═════ Data ═════

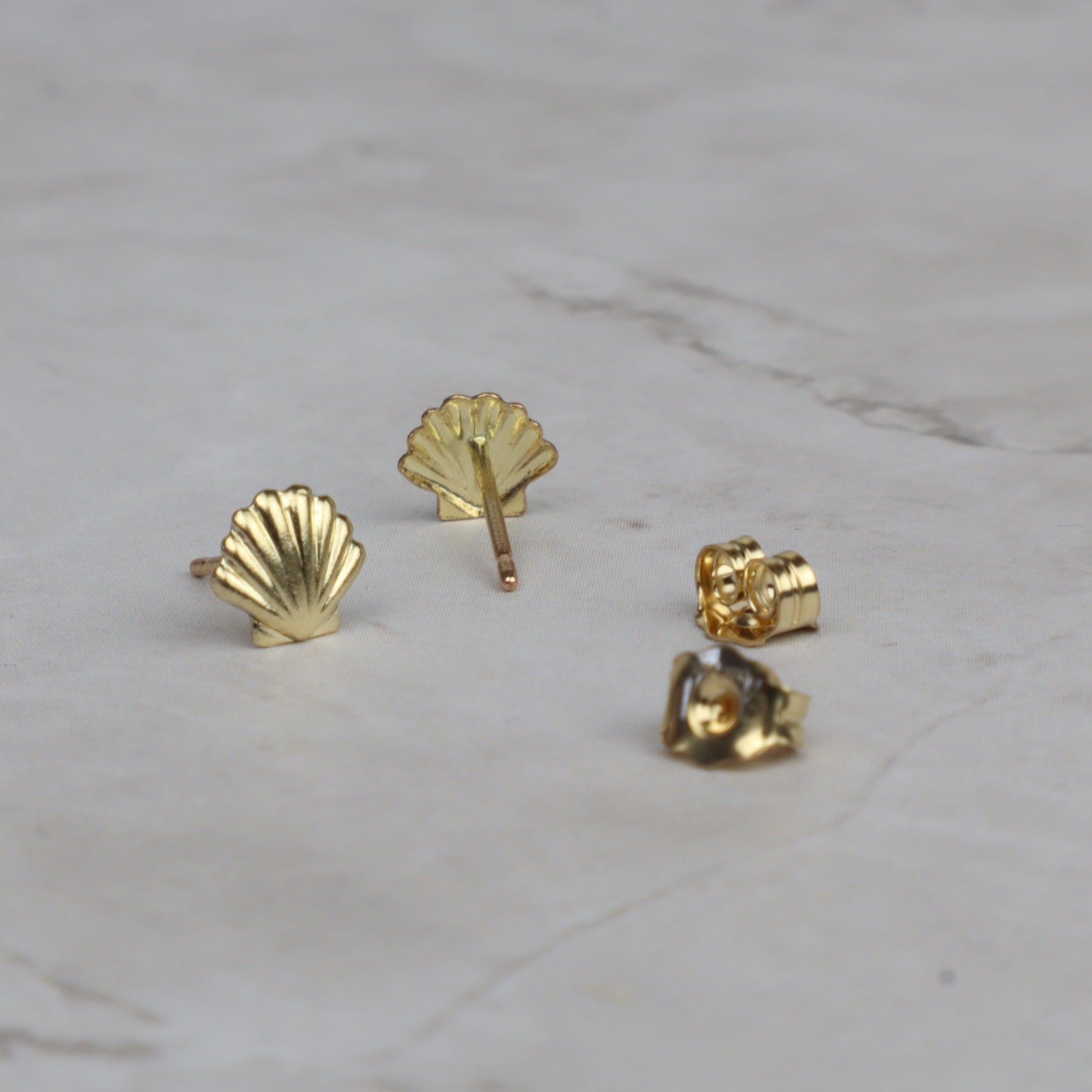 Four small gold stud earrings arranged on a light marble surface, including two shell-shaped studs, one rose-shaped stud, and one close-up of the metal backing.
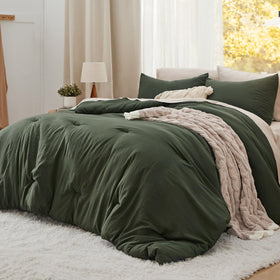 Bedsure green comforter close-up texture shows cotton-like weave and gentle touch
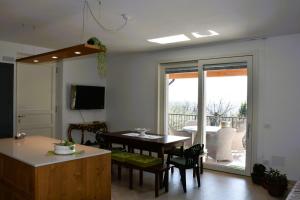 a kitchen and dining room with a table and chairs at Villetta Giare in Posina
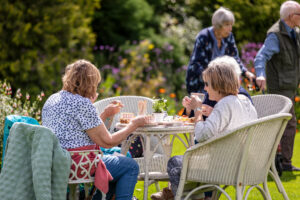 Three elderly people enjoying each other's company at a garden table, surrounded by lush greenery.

═════
═════ Data ═════

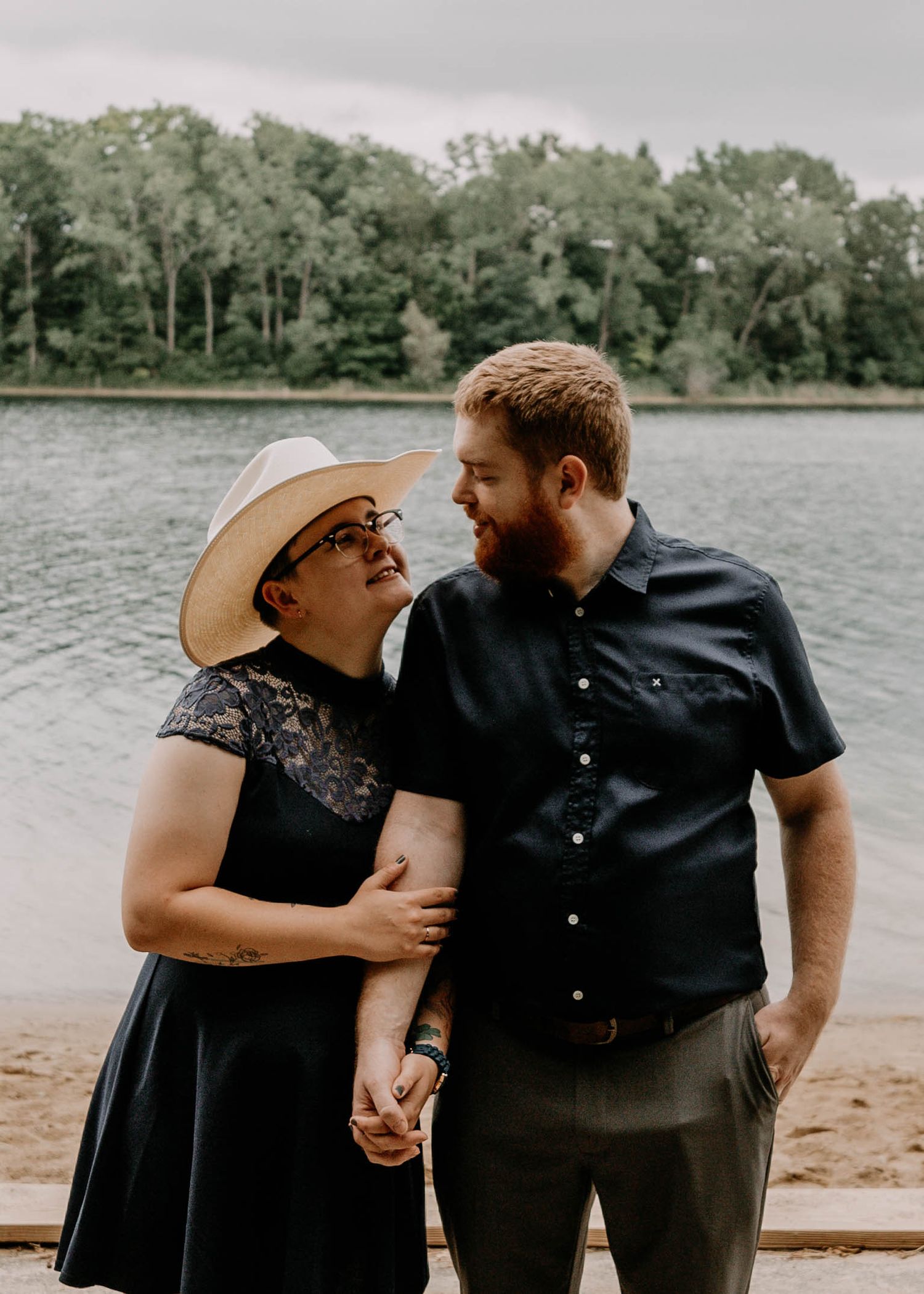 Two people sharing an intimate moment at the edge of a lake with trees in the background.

═════

Your assignment:
Going by the data above, the answer is exactly the lines from the one holding "Four small gold" to the one holding "Three elderly people", both kept, with the pictures left out.

Exercise answer:
 Four small gold stud earrings arranged on a light marble surface, including two shell-shaped studs, one rose-shaped stud, and one close-up of the metal backing.
 Bedsure green comforter close-up texture shows cotton-like weave and gentle touch
 a kitchen and dining room with a table and chairs at Villetta Giare in Posina
 Three elderly people enjoying each other's company at a garden table, surrounded by lush greenery.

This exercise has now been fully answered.